Defaults can be saved using the Set Defaults button.
5. Adjust the photon count rate by changing the intensity of the diode laser at the laser
coupling unit (LCU) (Chapter 9.6) or, if you do not have an LCU, but rather a direct fiber
coupled laser, in a similar way at the laser scaffold with the intensity regulation knob.
Information on attenuation by modifying the laser current can be found in the manual on
the laser driver (PDL or SEPIA). Keep in mind that changing the laser intensity via the
laser current does alter the pulse shape of the laser.
6. Control the white light or MP laser intensity directly in LAS AF.
7. For adjustment use the peak count rate in the preview window in SymPhoTime, since the
average count rate does not give you information about the count rate in the brightest
parts of the image.
Regions of the image recorded with photon count rates above the limit (Table 21) can
lead to inaccurate fluorescence lifetimes being calculated.
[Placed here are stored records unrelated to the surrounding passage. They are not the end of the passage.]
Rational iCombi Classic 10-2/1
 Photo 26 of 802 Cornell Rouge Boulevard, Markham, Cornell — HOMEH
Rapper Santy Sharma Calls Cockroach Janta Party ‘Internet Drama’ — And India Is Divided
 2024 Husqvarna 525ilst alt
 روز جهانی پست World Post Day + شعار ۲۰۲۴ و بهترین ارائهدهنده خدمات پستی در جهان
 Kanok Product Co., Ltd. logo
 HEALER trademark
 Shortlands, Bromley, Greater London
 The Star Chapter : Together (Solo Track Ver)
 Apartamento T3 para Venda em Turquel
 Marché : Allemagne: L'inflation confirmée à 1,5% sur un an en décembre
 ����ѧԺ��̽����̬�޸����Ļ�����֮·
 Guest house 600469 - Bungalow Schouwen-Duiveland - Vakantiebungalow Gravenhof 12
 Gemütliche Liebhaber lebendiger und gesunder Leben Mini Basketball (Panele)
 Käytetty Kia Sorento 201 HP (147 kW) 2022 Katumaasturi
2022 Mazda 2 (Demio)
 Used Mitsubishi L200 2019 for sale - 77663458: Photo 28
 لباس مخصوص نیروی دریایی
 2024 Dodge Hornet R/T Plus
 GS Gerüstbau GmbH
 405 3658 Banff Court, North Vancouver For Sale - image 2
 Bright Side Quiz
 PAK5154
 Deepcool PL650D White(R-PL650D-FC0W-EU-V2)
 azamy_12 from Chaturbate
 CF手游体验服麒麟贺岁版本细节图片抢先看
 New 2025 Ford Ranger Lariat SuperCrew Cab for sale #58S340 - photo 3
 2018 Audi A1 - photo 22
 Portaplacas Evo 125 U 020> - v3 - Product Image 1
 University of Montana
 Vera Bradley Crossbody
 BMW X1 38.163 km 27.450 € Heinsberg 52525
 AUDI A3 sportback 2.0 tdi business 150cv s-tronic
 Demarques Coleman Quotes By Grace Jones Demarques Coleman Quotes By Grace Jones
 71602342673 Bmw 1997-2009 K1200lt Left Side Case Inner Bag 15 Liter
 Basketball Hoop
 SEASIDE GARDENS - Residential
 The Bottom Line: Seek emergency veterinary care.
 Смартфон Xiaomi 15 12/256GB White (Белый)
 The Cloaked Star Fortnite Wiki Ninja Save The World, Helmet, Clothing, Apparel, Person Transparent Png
8. To attain the shortest possible FLIM data acquisition time, we recommend increasing the
photon count rate wherever possible to the TCSPC limit listed in Table 21. Of course, for
weak fluorescent specimens, this upper limit cannot be attained, even at maximum laser
power.
Using the Image tab in the Measurement Preview window in SymPhoTime, you can see a
preview of the FLIM image. The lifetime displayed in the image by the color code is
calculated by the mean arrival time of the fluorescence photons after the last laser pulse.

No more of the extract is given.